## TASK TO CARRY OUT
Each line below should be restated word for word.

## DATA FOR ANALYSIS
·····

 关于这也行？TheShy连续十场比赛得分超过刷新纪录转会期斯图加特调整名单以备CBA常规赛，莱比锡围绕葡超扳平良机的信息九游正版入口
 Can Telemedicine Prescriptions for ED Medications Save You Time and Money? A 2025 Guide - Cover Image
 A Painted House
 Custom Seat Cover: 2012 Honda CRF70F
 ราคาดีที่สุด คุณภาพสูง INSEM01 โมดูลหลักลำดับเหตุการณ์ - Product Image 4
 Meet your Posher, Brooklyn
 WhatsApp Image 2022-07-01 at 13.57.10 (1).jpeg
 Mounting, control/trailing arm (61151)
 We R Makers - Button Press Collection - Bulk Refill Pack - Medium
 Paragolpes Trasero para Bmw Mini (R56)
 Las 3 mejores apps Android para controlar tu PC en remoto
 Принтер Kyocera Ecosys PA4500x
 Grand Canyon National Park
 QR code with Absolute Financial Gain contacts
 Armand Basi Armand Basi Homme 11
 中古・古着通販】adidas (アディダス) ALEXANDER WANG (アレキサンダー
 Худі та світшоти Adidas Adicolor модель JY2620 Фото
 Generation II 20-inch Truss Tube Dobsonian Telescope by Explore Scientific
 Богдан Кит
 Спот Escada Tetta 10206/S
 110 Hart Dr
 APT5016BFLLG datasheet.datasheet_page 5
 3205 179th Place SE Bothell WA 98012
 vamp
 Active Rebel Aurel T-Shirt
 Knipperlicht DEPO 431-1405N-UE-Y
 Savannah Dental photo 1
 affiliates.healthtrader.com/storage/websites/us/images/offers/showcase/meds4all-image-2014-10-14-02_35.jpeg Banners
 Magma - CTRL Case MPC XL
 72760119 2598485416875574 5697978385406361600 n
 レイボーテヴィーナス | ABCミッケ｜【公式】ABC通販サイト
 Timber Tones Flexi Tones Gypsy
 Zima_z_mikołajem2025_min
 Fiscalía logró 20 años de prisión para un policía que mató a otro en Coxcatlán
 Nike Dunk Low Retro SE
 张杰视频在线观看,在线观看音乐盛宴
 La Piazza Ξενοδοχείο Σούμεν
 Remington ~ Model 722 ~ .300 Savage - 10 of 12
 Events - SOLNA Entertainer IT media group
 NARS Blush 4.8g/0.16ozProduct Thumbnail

·····

## WORKED SOLUTION
 关于这也行？TheShy连续十场比赛得分超过刷新纪录转会期斯图加特调整名单以备CBA常规赛，莱比锡围绕葡超扳平良机的信息九游正版入口
 Can Telemedicine Prescriptions for ED Medications Save You Time and Money? A 2025 Guide - Cover Image
 A Painted House
 Custom Seat Cover: 2012 Honda CRF70F
 ราคาดีที่สุด คุณภาพสูง INSEM01 โมดูลหลักลำดับเหตุการณ์ - Product Image 4
 Meet your Posher, Brooklyn
 WhatsApp Image 2022-07-01 at 13.57.10 (1).jpeg
 Mounting, control/trailing arm (61151)
 We R Makers - Button Press Collection - Bulk Refill Pack - Medium
 Paragolpes Trasero para Bmw Mini (R56)
 Las 3 mejores apps Android para controlar tu PC en remoto
 Принтер Kyocera Ecosys PA4500x
 Grand Canyon National Park
 QR code with Absolute Financial Gain contacts
 Armand Basi Armand Basi Homme 11
 中古・古着通販】adidas (アディダス) ALEXANDER WANG (アレキサンダー
 Худі та світшоти Adidas Adicolor модель JY2620 Фото
 Generation II 20-inch Truss Tube Dobsonian Telescope by Explore Scientific
 Богдан Кит
 Спот Escada Tetta 10206/S
 110 Hart Dr
 APT5016BFLLG datasheet.datasheet_page 5
 3205 179th Place SE Bothell WA 98012
 vamp
 Active Rebel Aurel T-Shirt
 Knipperlicht DEPO 431-1405N-UE-Y
 Savannah Dental photo 1
 affiliates.healthtrader.com/storage/websites/us/images/offers/showcase/meds4all-image-2014-10-14-02_35.jpeg Banners
 Magma - CTRL Case MPC XL
 72760119 2598485416875574 5697978385406361600 n
 レイボーテヴィーナス | ABCミッケ｜【公式】ABC通販サイト
 Timber Tones Flexi Tones Gypsy
 Zima_z_mikołajem2025_min
 Fiscalía logró 20 años de prisión para un policía que mató a otro en Coxcatlán
 Nike Dunk Low Retro SE
 张杰视频在线观看,在线观看音乐盛宴
 La Piazza Ξενοδοχείο Σούμεν
 Remington ~ Model 722 ~ .300 Savage - 10 of 12
 Events - SOLNA Entertainer IT media group
 NARS Blush 4.8g/0.16ozProduct Thumbnail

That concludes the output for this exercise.